Added Stark: “Another thing that prompted me to pick Colby was not taking their interest in me for granted, because I wasn’t sure if another school was going to be interested in me like they were.”
Stark doesn’t have the academy connections many of his Canadian teammates do, but he did develop some rivalries last summer in the WCBL as a member of the Medicine Hat Mavericks.
“I think the team dynamic is good. It’s not all rainbows and sunshine, but I think overall we get along good and we enjoy spending time with each other and enjoy each other’s company. There isn’t really much in the way of rivalries amongst the team now that we are all on the same team playing with each other,” said the sophomore, who has a 3.96 ERA and 45 Ks in 38.2 innings pitched.
“We kind of just joke around and chirp each other about our previous teams and tell stories about them. I think with most of us playing in the WCBL, that has made us closer because we all know how crazy of a summer it is playing in that league, and all we do is just tell crazy stories about it.”
When he was asked if he made any comments to former WCBL opponents who are current teammates about the Mavs winning a 2018 league championship, Stark said:
“Not really. It’s kind of the other way around. They kind of chirp me and kind of make fun of me and say that they feel so honoured being able to be on the same team with someone who won the championship.
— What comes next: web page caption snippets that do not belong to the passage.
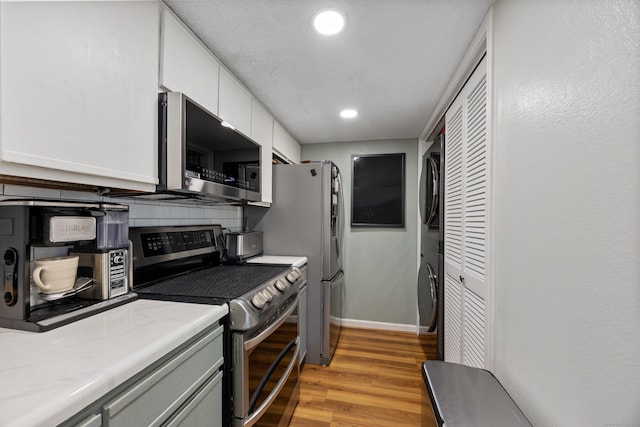 136 Carriage Crossing Ln Unit 136, Middletown, CT 06457 - kitchen with stainless steel appliances, estacked washer and dryer, backsplash, light wood-style flooring, and recessed lighting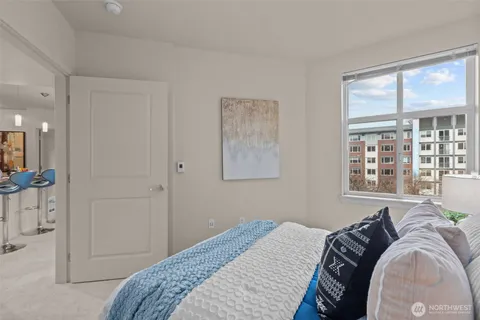 a bedroom with a bed and a window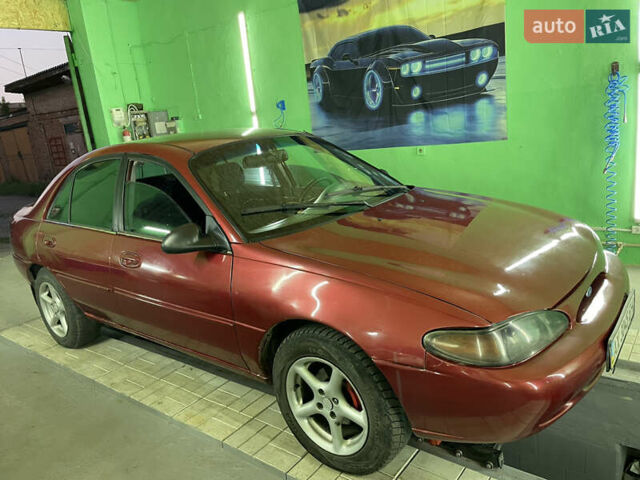 Красный Форд Эскорт, объемом двигателя 2 л и пробегом 216 тыс. км за 2500 $, фото 24 на Automoto.ua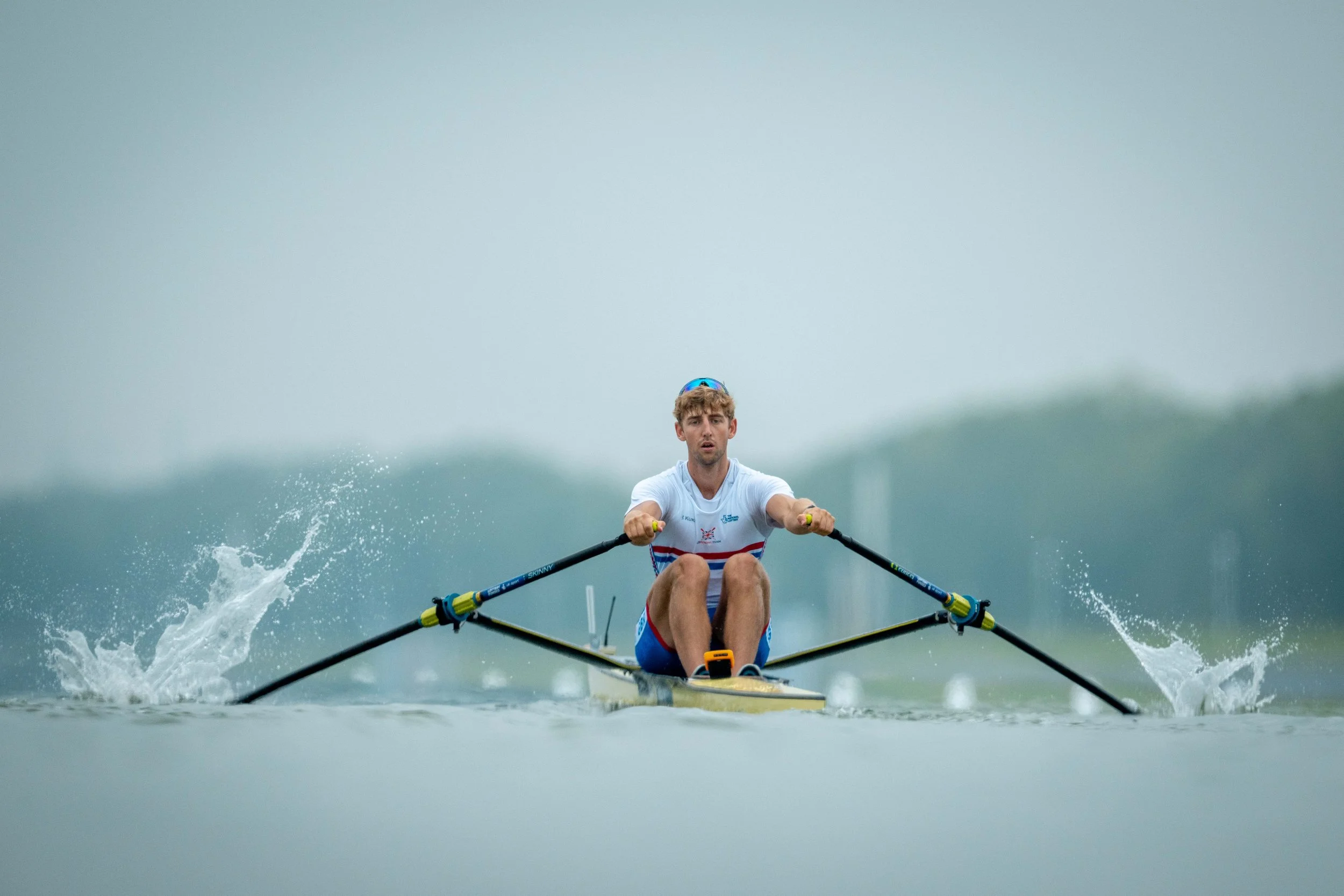 A male athlete is rowing a boat on a calm body of water, wearing a white athletic shirt with red and blue accents, a blue headband, and sunglasses. The sky in the background is overcast.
I guess in the beginning, I kind of poked fun a little bit, but no I don’t really chirp about it. There’s no hard feelings about it, it’s just baseball.”
Stark also has a trusted ally in his corner. His brother Zach is a catcher and infielder who is red-shirting with the Trojans.
“It’s awesome having him around,” said the elder Stark.
“I try to always be a good role model for him and set a good example, because he looks up to me so much. So, I think that has helped push me everyday in practice and in the weight room to be the best I can because I know he is watching and I want to set a good example for him. It’s awesome having him around and I was really glad he decided to come down to Colby.”
Coach Carter is also glad to have the Starks in Colby, along with all of his Trojan horses from Alberta.